Mike Kueber's Blog

July 29, 2010

A jury of one’s peers and jury duty

Trial by jury is one of the fundamental rights guaranteed to all Americans by two amendments to the U.S. Constitution – the 6th Amendment concerns criminal prosecutions and the 7th Amendment concerns civil suits.  Although there is nothing in the Constitution about “a jury of one’s peers,” American courts have interpreted the right to a jury to mean that a jury must be selected from a diverse pool of citizens who live in the jurisdiction.  For reasons best understood by the U.S. Supreme Court, the 6th Amendment (criminal prosecutions) applies to both state and federal courts, while the 7th Amendment (civil suits) applies to only federal courts.  This means the states have great latitude in deciding the composition of juries for civil suits.

Historically, most courts drew their jury pools from their lists of registered voters, but in recent years, there has been a trend to expand the pool to include people with a driver’s license.  Texas made this change in 1993, at which time it required counties to draw their jury pools from a combined list of registered voters and licensed drivers in the county.  The reaction to this change was mixed – some preferred the broadened list because they felt it produced a “jury of one’s peers”; whereas others opposed the broadened list because it brought in potential jurors who didn’t even have enough civic responsibility to register to vote.
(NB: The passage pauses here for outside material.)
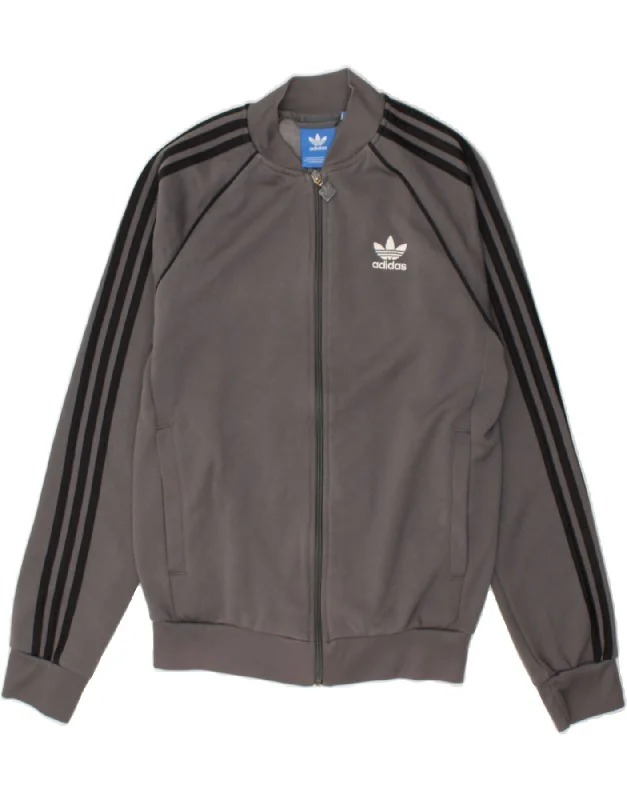 ADIDAS Womens Tracksuit Top Jacket UK 10 Small Grey Polyester Rayon Jacket Velvet Jacket Corduroy Jacket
I think the danger of a broadened jury pool is being exposed by the crazy verdicts that are becoming commonplace.  By including in the jury pool non-voters who tend to be disgruntled and disillusioned, we are empowering people who lack the temperament and judgment to act wisely, responsibly, and judiciously.  In fact, I have known people who would refrain from registering to vote solely so they could avoid jury duty.  Why do we want them on a jury, deciding life & death or multi-million dollar lawsuits? 

I propose that the American system of justice would improve if we returned to drawing the jury pool from a list of registered voters.  Sure, it would be desirable to change the thinking of non-voters, but that has nothing to do with requiring non-voters to be in the jury pool.  Change their thinking first; then place them in a jury pool.